Three large energy ETFs have been moving in near lockstep for the past 12 months, posting gains of more than 40%. The Energy Select Sector SPDR (NYSE: XLE), the iShares Dow Jones US Energy (NYSE: IYE), and the Vanguard Energy ETF (NYSE: VDE) track one another nearly exactly. The
iShares S&P Global Energy ETF (NYSE: IXC) has also posted a gain over the past year, but the gain is nearer 30%. The main difference between IXC and the others is IXC’s exposure to global producers whereas the others focus exclusively on US stocks.
The Energy Select Sector SPDR (NYSE: XLE) posted a gain of more than 44% in the past year, and has gained nearly another 13% this year. The last three months have seen a negative move in the fund as the price of crude has retreated amid worries over a possible US debt default.
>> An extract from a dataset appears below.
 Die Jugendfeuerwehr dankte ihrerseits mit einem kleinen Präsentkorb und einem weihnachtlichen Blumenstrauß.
Shares are trading about 1.67% higher in the pre-market this morning, at $76.45, in a 52-week range of %50.33-$80.97.
The iShares Dow Jones US Energy (NYSE: IYE) has returned a gain of nearly 43% in the past 12 months and year-to-date gain of 12.61%. Like XLE, the past three months have been negative. Shares closed down about -1% on Friday, at $43.60, in a 52-week range of $29.12-$46.12.
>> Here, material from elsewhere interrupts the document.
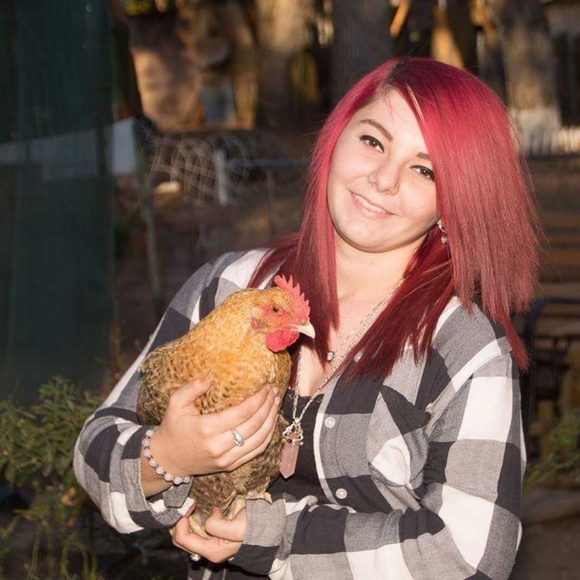 Meet your Posher, Renee. Boots, Clothing & Bling - Picture 3 of 6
The Vanguard Energy ETF (NYSE: VDE) gained more than 44% over the past year, and its year-to-date gain is 12.66%. The last three months have been negative for VDE as well. Shares closed down nearly -1% on Friday, at $112.29, in a 52-week range of $73.85-$118.43.
The iShares S&P Global Energy ETF (NYSE: IXC) has posted a one-year gain of around 32% with a year-to-date gain of 7.82%. Shares have lost more than -7% in the past three months. Shares closed down nearly -1% on Friday, at $41.65, in a 52-week range of $30.00-$45.61.
The global nature of IXC, which includes holdings in BP, Total, Shell, and Petrobras among others, is the difference between this fund and the others and is very likely the main contributing cause to IXC’s inability to match the returns of the other funds. Exxon and Chevron are common to all the funds and each has staggered in the past three months. As have Shell and Total, which is down nearly -10%. Italy’s Eni is off nearly -14% and Canada’s Suncor is down nearly -16% over the past three months.
All the negativity on the integrated and E&P stocks is due to production declines even while prices remain high. European stocks have more exposure to production disruptions from Libya, and BP is still trying to recover from last year’s Gulf of Mexico disaster. While it makes sense to assume that the foreign producers will do better as prices rise, that is only interesting to investors if production declines can be reversed.
Right now, declines to larger European oil & gas companies could be irreversible until the situation in Libya is resolved. Eni, and to a lesser degree, Total need to Libyan oil to come back. Political stability in North Africa would also help. These results will have a positive impact on the outlook for some of the larger holdings of IXC and are worth keeping a watch for.